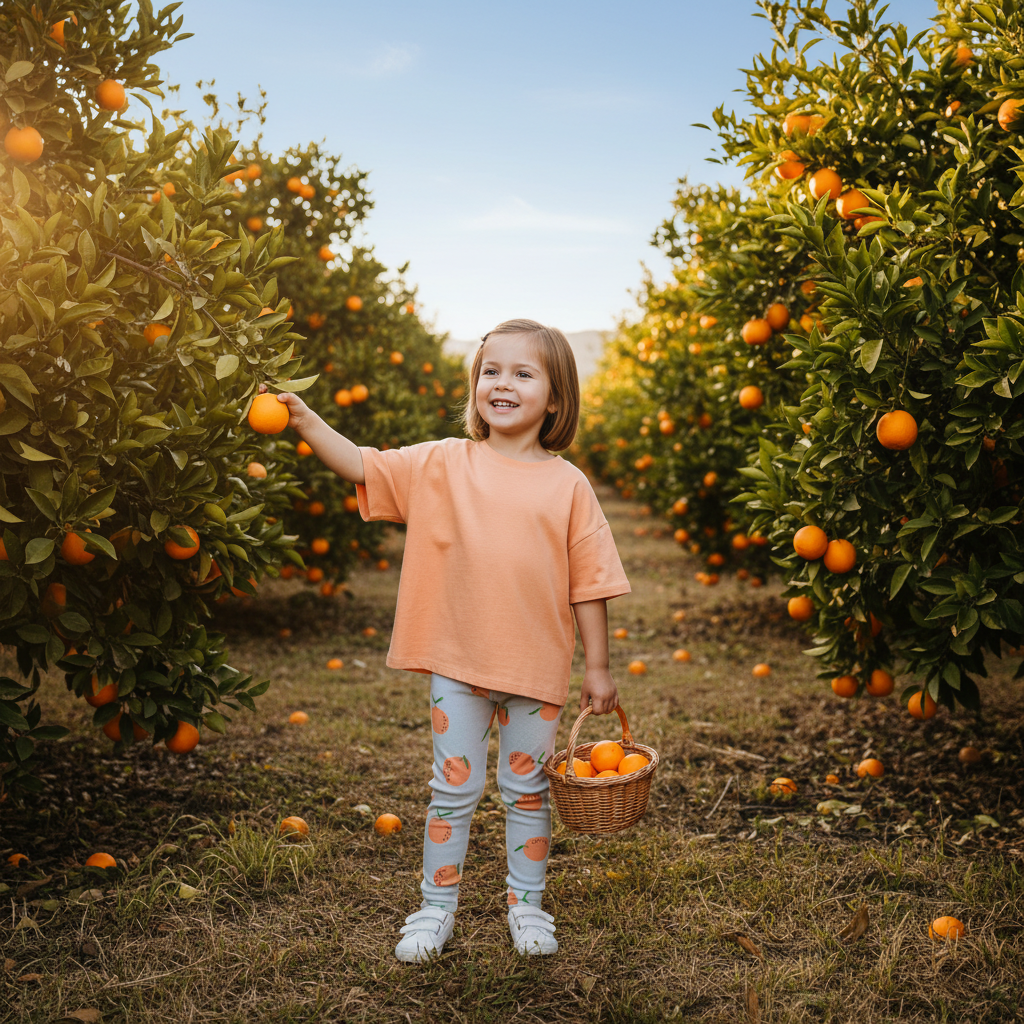6-7Y Light purple & orange ribbed leggings - Zara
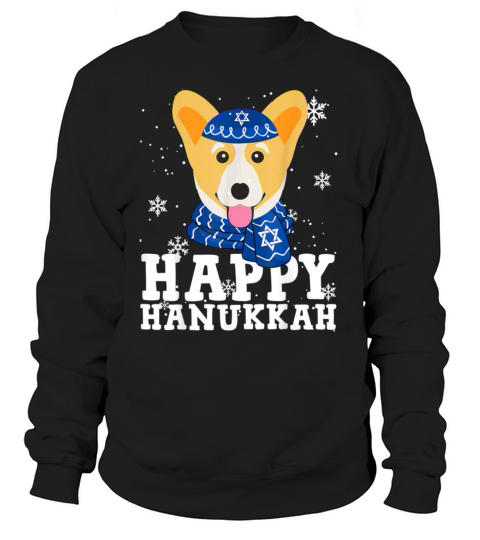 Happy Hanukkah Corgi Dog Funny Holiday Women's Sweatshirt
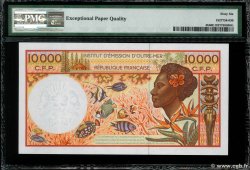 10000 Francs FRENCH PACIFIC TERRITORIES  2010 P.04h UNC
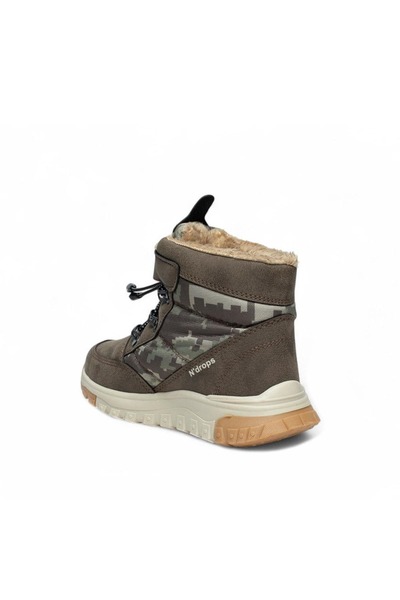 Tuğba Ortopedi 015 Orthopedic Boys' Mink/Khaki Snow Boots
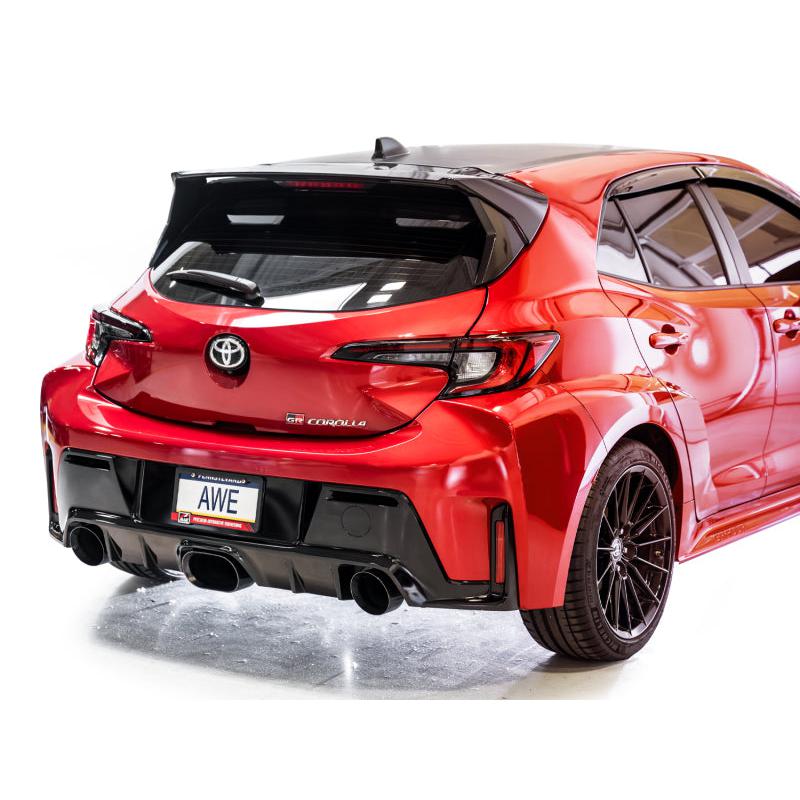 AWE Tuning 2023+ Toyota GR Corolla Touring Edition Exhaust - Diamond Black Tips-SR1 Performance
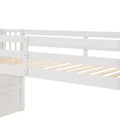 Loft Bed With Staircasewhite Twin White Pine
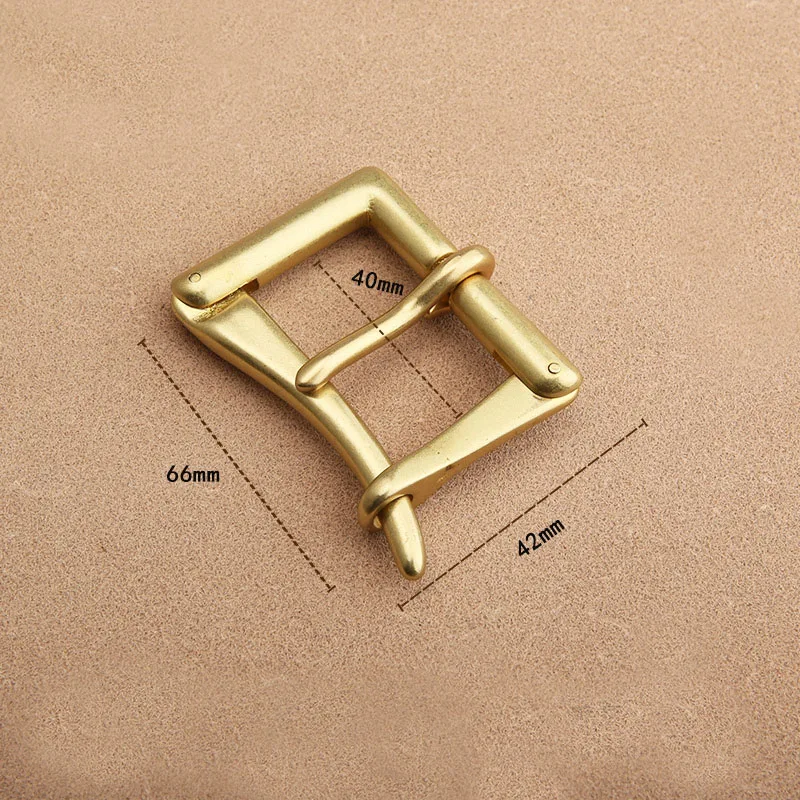 New arrival solid brass single prong belt pin buckle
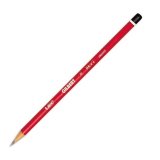 BIC Crayon Gilbert 33, dureté: HB, rond, laqué en rouge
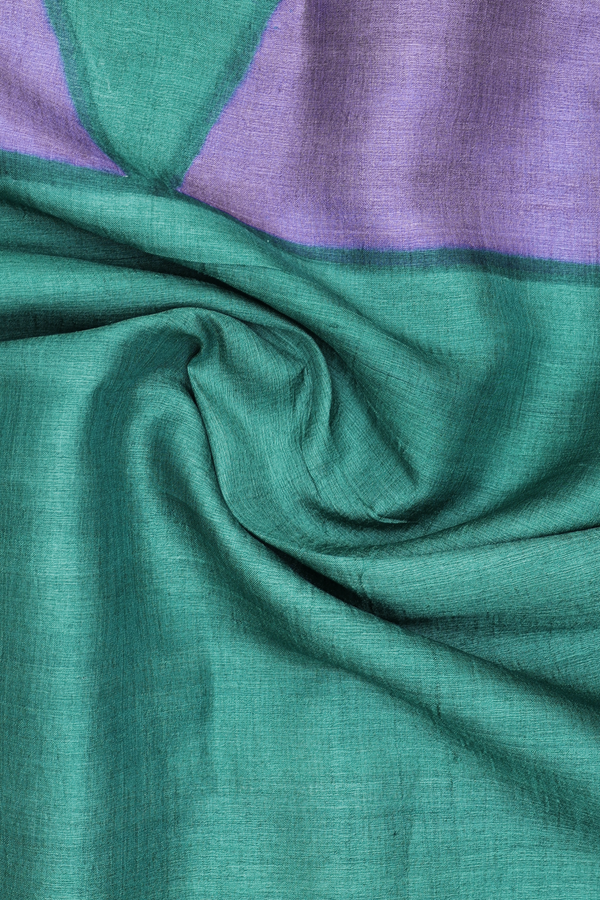Plain Green Tussar Silk Dupatta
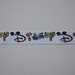7/8" Disney Font Mickey, Goofy, Donald, Pluto, Tigger, Winnie the Pooh Grosgrain Ribbon by the Yard
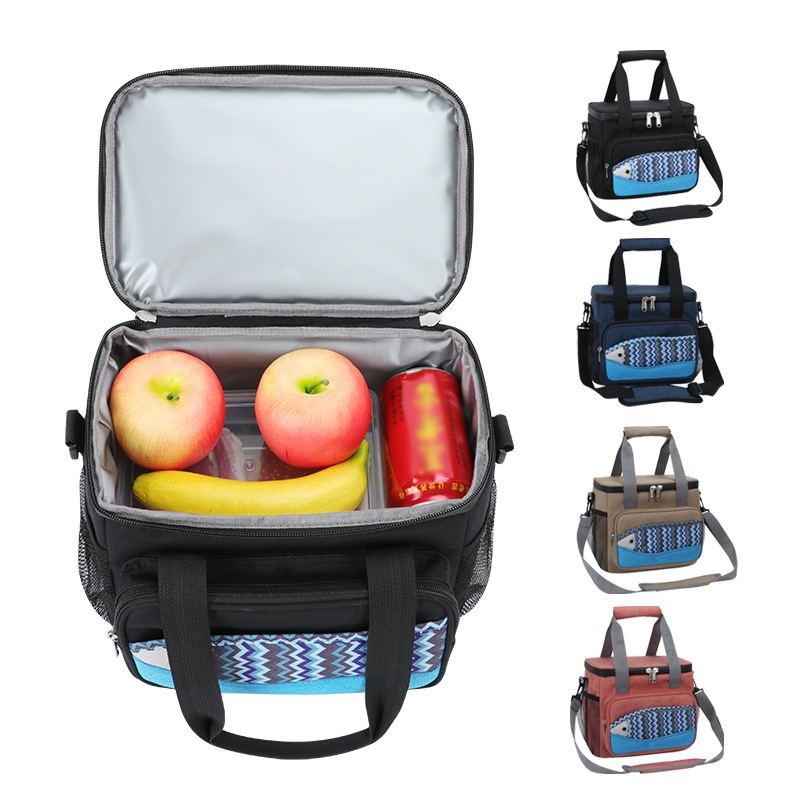 Túi Bento Tủ Lạnh Cách Nhiệt Túi Cách Nhiệt Ăn Trưa Túi Giữ Nhiệt Đựng Hộp Cơm Trưa Họa Tiết Hoạt Hình Dễ Thương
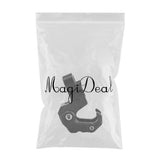 Max Maxb CNC Alloy Folding Hanger Hook Buckle For Honda All New Forza 300 2018 Black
===
Retype the entries above exactly, starting at their first line and ending with the line that holds "Plain Green Tussar Silk Dupatta"; pictures stay out.

▶ OUTPUT OF THE EXERCISE
6-7Y Light purple & orange ribbed leggings - Zara
 Happy Hanukkah Corgi Dog Funny Holiday Women's Sweatshirt
 10000 Francs FRENCH PACIFIC TERRITORIES  2010 P.04h UNC
 Tuğba Ortopedi 015 Orthopedic Boys' Mink/Khaki Snow Boots
 AWE Tuning 2023+ Toyota GR Corolla Touring Edition Exhaust - Diamond Black Tips-SR1 Performance
 Loft Bed With Staircasewhite Twin White Pine
 New arrival solid brass single prong belt pin buckle
 BIC Crayon Gilbert 33, dureté: HB, rond, laqué en rouge
Plain Green Tussar Silk Dupatta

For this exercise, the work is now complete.